Items listed in a dataset
= Beginning of Section =

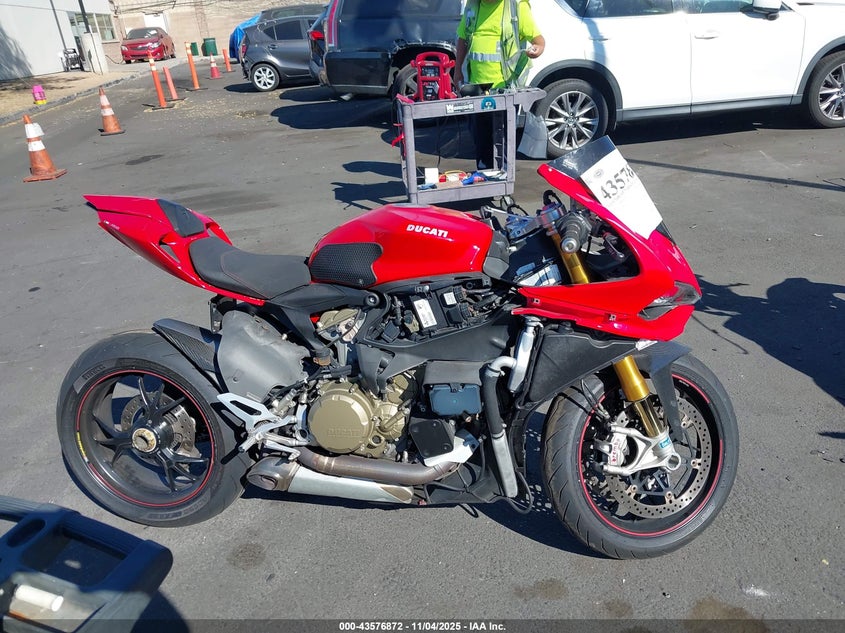 2014 Ducati Superbike 1199 Panigale/S VIN: ZDM14BPW8EB022195 Lot: 43576872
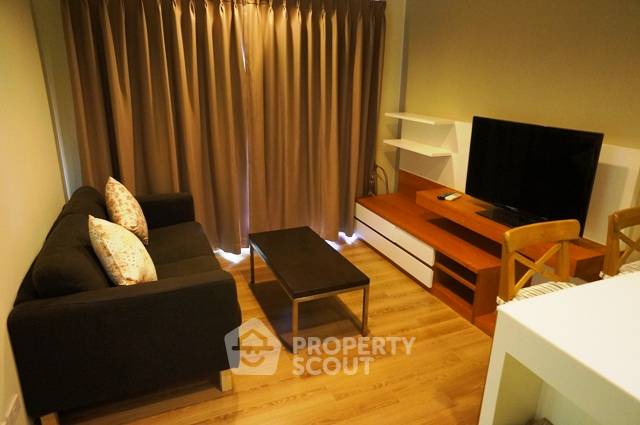 picture 1-BR Condo at The Seed Musee Sukhumvit 26 near BTS Phrom Phong (ID 513229) - 1/3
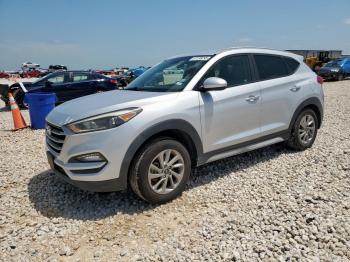  Salvage Hyundai TUCSON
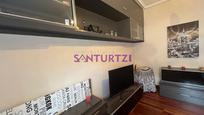Sala d'estar de Pis en venda en Santurtzi  amb Parquet i Moblat
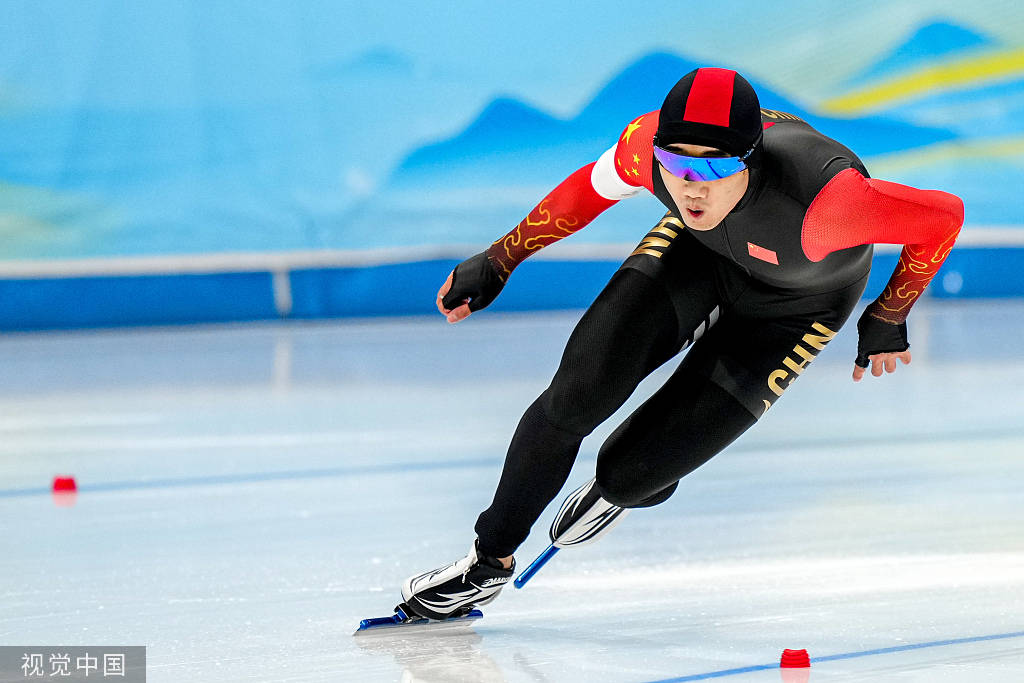 高亭宇夺冠致敬教练，揭秘中国男子速滑冬奥首金背后的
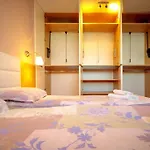 Green Apartment - Top Location, Near City Center!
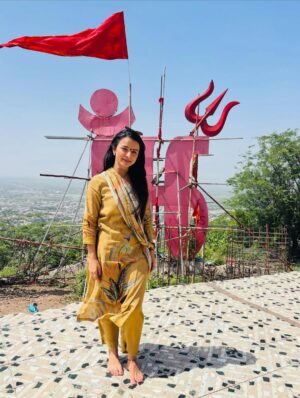 Mahima Makwana Instagram - Ticking off my mandatory ritual at chotila temple before kicking off my next. 🎬🙏🏻✨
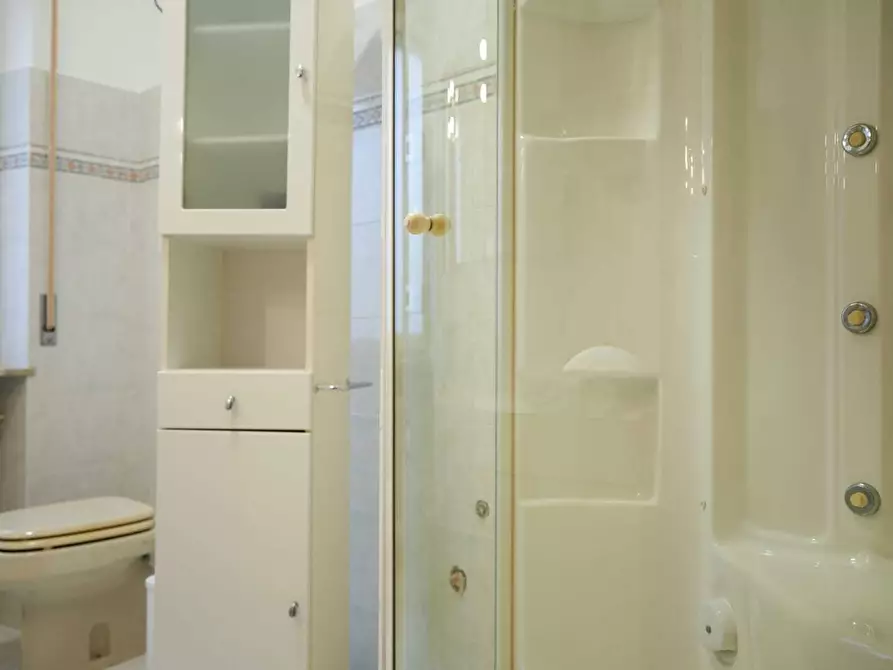 Immagine 25 di Pentalocale in affitto  in Viale Maiella 23/A a Francavilla Al Mare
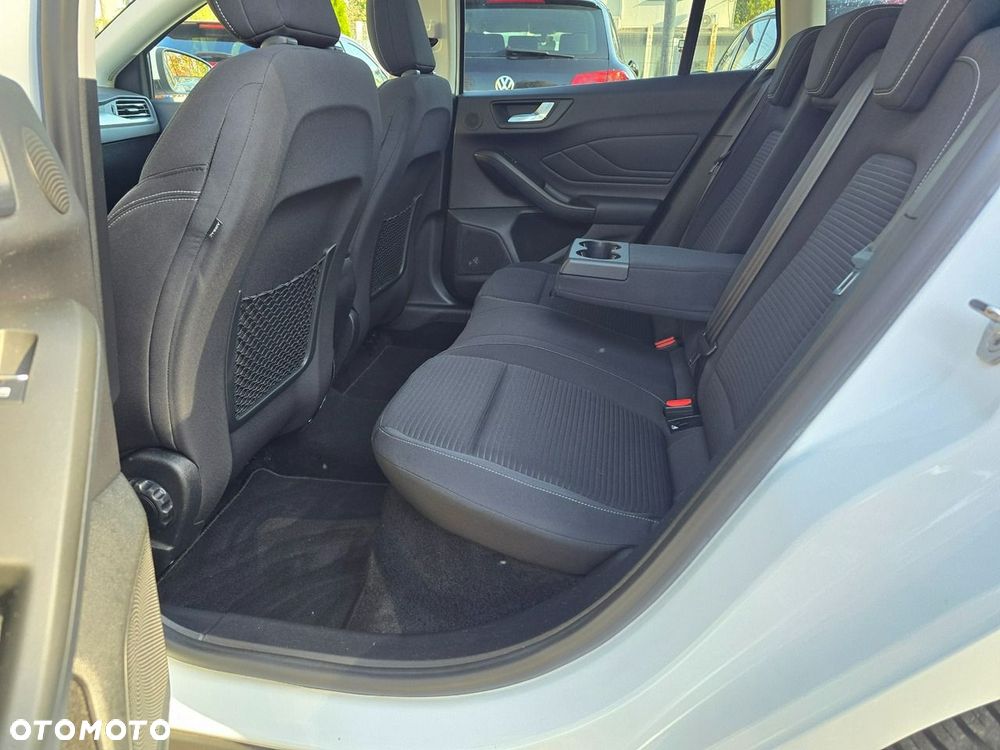 Ford Focus 1.0 EcoBoost STart-Stopp-System TITANIUM - 11
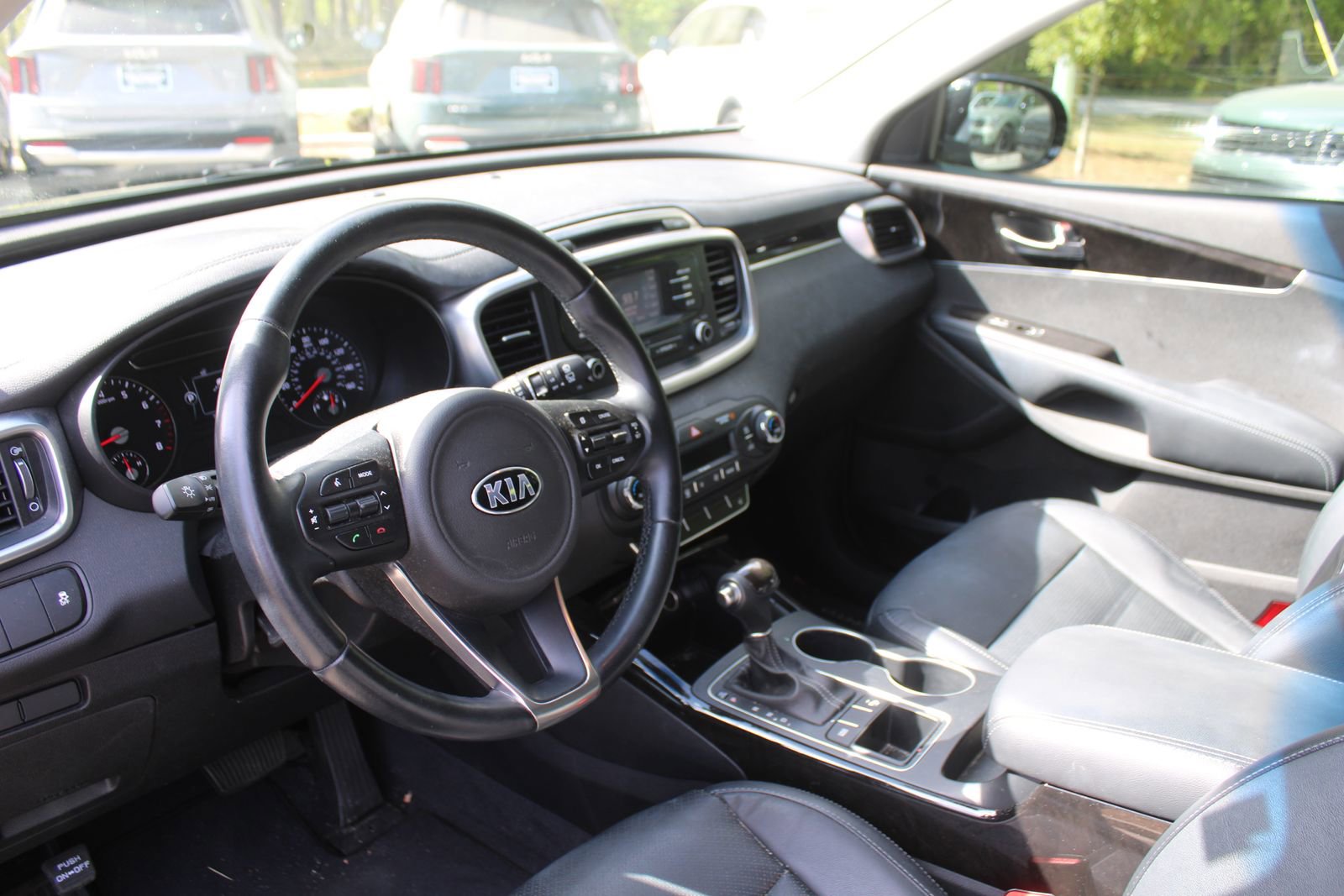 Used 2016 Kia Sorento EX image 21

= End of Section =

Activity
Give back, exactly and with nothing added, the lines from the line with "高亭宇夺冠致敬教练，揭秘中国男子速滑冬奥首金背后的" through the final line of the data, both included; leave pictures out.

Answer box
 高亭宇夺冠致敬教练，揭秘中国男子速滑冬奥首金背后的
 Green Apartment - Top Location, Near City Center!
 Mahima Makwana Instagram - Ticking off my mandatory ritual at chotila temple before kicking off my next. 🎬🙏🏻✨
 Immagine 25 di Pentalocale in affitto  in Viale Maiella 23/A a Francavilla Al Mare
 Ford Focus 1.0 EcoBoost STart-Stopp-System TITANIUM - 11
 Used 2016 Kia Sorento EX image 21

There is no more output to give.